__THE TASK__.
Take the lines below beginning at the line that has "Salviati and Company, Phantastischer" and stopping after the line that has "Pyhän Kolminaisuuden sairaala, Croydon, 1840.", and print them exactly as they are, with no other lines.

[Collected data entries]
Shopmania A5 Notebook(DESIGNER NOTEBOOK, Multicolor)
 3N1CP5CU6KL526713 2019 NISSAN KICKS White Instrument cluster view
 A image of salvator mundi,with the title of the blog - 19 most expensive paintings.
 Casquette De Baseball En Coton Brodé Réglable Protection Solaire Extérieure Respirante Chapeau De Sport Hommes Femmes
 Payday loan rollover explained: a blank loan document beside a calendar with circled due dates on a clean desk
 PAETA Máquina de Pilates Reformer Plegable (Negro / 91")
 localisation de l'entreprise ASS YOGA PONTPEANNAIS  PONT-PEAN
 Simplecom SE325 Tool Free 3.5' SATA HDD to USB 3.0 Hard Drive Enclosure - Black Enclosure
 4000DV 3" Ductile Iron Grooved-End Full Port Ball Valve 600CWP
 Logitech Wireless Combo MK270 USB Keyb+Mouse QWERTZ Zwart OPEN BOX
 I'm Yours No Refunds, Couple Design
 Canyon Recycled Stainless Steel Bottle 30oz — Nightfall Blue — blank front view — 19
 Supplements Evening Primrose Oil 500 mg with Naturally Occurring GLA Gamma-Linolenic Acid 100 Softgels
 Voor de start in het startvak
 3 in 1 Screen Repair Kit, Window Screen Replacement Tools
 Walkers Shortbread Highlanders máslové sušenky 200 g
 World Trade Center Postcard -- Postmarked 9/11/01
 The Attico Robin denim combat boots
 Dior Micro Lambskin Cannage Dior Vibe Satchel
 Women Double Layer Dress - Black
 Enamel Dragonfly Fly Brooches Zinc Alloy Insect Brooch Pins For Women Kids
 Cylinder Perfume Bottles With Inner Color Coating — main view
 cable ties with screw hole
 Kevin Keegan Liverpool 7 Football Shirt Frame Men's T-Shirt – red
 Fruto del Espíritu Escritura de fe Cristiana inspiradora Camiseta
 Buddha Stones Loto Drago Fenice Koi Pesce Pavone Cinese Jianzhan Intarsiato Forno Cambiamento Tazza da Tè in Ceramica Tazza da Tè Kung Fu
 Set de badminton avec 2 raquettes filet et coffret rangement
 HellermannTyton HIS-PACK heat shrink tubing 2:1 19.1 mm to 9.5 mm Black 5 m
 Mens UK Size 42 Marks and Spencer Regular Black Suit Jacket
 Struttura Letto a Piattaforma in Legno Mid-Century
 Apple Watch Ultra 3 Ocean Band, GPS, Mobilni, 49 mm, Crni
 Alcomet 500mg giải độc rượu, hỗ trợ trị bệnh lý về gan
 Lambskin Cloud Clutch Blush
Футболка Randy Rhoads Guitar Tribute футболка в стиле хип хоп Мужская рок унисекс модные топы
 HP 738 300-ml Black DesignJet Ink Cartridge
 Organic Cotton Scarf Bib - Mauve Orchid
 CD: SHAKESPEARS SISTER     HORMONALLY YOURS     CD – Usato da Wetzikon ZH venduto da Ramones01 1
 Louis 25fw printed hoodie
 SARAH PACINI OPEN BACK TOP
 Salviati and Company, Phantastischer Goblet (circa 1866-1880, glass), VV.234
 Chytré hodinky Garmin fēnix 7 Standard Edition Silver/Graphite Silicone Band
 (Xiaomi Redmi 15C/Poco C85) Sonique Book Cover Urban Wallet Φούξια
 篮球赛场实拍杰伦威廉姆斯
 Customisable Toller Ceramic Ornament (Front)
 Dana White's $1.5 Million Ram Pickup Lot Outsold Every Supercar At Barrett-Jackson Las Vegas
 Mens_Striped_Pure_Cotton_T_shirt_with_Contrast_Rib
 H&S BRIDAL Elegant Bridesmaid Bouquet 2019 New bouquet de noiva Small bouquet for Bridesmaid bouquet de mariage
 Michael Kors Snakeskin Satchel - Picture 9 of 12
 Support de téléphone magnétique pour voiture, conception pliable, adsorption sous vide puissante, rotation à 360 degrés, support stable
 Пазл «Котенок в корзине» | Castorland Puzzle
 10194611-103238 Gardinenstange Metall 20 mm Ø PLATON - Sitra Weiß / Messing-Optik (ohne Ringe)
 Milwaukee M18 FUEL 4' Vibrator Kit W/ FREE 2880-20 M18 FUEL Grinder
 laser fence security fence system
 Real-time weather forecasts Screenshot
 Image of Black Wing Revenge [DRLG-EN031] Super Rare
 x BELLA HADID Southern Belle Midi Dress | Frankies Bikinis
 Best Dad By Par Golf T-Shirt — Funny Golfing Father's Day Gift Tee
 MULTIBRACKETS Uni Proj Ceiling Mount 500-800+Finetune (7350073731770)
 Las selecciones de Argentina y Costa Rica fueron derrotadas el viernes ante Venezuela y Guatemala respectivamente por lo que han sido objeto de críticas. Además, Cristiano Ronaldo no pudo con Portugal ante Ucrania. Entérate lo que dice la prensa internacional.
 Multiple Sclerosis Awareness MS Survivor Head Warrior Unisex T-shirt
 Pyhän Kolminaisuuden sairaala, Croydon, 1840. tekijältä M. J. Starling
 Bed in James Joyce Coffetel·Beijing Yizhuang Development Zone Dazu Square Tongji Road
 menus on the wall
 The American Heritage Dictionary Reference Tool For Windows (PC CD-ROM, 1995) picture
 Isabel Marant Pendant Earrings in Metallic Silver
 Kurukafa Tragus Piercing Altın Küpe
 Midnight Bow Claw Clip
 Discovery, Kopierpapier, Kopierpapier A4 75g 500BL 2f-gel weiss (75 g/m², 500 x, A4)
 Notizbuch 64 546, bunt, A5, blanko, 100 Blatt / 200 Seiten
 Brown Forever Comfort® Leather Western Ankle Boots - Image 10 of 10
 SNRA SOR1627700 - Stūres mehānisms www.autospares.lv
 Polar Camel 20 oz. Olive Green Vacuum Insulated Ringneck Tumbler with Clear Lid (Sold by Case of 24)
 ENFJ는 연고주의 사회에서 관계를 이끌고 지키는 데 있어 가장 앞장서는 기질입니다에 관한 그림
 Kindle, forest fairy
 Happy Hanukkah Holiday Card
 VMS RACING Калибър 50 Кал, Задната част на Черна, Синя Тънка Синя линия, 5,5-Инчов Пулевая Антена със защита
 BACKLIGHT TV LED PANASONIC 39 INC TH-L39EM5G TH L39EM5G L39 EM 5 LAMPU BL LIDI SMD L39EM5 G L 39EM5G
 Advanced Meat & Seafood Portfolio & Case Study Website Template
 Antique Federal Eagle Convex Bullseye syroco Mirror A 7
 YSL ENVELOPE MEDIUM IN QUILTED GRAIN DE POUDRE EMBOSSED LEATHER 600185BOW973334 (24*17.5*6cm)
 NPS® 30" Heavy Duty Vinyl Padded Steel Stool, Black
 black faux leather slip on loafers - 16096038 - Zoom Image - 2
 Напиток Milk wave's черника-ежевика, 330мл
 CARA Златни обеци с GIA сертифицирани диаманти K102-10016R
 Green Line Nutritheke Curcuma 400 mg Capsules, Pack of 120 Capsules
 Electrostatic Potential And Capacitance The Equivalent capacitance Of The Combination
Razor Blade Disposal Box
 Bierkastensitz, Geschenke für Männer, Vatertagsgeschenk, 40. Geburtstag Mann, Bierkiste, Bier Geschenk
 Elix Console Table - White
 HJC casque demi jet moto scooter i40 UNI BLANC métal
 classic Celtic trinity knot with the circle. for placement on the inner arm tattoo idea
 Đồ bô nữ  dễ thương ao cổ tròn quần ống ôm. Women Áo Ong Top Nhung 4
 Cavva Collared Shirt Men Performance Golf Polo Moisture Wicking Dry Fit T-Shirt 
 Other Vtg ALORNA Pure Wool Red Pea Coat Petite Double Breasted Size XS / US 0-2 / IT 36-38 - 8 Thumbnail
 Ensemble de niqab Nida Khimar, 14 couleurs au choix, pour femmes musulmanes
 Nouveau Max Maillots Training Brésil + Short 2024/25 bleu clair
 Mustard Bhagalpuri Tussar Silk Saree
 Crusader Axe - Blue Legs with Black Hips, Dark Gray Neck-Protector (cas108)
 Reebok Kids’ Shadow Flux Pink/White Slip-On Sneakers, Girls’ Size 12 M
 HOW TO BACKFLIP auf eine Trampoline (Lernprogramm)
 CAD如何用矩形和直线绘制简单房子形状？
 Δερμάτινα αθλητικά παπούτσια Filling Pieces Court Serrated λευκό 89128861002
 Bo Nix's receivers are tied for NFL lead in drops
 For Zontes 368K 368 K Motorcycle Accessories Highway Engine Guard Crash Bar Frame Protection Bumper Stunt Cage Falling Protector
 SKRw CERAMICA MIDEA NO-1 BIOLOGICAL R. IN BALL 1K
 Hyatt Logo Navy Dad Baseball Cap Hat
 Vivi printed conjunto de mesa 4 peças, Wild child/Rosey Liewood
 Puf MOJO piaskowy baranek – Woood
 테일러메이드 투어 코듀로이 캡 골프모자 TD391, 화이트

__TASK OUTPUT__.
 Salviati and Company, Phantastischer Goblet (circa 1866-1880, glass), VV.234
 Chytré hodinky Garmin fēnix 7 Standard Edition Silver/Graphite Silicone Band
 (Xiaomi Redmi 15C/Poco C85) Sonique Book Cover Urban Wallet Φούξια
 篮球赛场实拍杰伦威廉姆斯
 Customisable Toller Ceramic Ornament (Front)
 Dana White's $1.5 Million Ram Pickup Lot Outsold Every Supercar At Barrett-Jackson Las Vegas
 Mens_Striped_Pure_Cotton_T_shirt_with_Contrast_Rib
 H&S BRIDAL Elegant Bridesmaid Bouquet 2019 New bouquet de noiva Small bouquet for Bridesmaid bouquet de mariage
 Michael Kors Snakeskin Satchel - Picture 9 of 12
 Support de téléphone magnétique pour voiture, conception pliable, adsorption sous vide puissante, rotation à 360 degrés, support stable
 Пазл «Котенок в корзине» | Castorland Puzzle
 10194611-103238 Gardinenstange Metall 20 mm Ø PLATON - Sitra Weiß / Messing-Optik (ohne Ringe)
 Milwaukee M18 FUEL 4' Vibrator Kit W/ FREE 2880-20 M18 FUEL Grinder
 laser fence security fence system
 Real-time weather forecasts Screenshot
 Image of Black Wing Revenge [DRLG-EN031] Super Rare
 x BELLA HADID Southern Belle Midi Dress | Frankies Bikinis
 Best Dad By Par Golf T-Shirt — Funny Golfing Father's Day Gift Tee
 MULTIBRACKETS Uni Proj Ceiling Mount 500-800+Finetune (7350073731770)
 Las selecciones de Argentina y Costa Rica fueron derrotadas el viernes ante Venezuela y Guatemala respectivamente por lo que han sido objeto de críticas. Además, Cristiano Ronaldo no pudo con Portugal ante Ucrania. Entérate lo que dice la prensa internacional.
 Multiple Sclerosis Awareness MS Survivor Head Warrior Unisex T-shirt
 Pyhän Kolminaisuuden sairaala, Croydon, 1840. tekijältä M. J. Starling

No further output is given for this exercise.